Source data

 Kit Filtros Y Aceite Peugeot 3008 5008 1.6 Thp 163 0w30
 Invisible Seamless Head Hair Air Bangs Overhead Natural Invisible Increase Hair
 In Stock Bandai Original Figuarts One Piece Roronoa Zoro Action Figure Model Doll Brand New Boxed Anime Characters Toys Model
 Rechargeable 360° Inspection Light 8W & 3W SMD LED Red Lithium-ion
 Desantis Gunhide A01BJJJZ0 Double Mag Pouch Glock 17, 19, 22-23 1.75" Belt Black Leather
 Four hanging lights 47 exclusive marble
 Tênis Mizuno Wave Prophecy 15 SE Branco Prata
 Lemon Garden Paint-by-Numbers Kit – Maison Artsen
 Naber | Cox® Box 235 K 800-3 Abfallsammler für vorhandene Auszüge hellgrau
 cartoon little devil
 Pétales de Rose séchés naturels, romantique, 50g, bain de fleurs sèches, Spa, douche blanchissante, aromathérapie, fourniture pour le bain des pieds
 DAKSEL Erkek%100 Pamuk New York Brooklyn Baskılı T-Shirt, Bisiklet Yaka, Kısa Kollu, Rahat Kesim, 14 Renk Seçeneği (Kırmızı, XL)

Task details
The answer must be the line containing "cartoon little devil" and every line after it through the last line of the records above, repeated exactly.

Your solution
 cartoon little devil
 Pétales de Rose séchés naturels, romantique, 50g, bain de fleurs sèches, Spa, douche blanchissante, aromathérapie, fourniture pour le bain des pieds
 DAKSEL Erkek%100 Pamuk New York Brooklyn Baskılı T-Shirt, Bisiklet Yaka, Kısa Kollu, Rahat Kesim, 14 Renk Seçeneği (Kırmızı, XL)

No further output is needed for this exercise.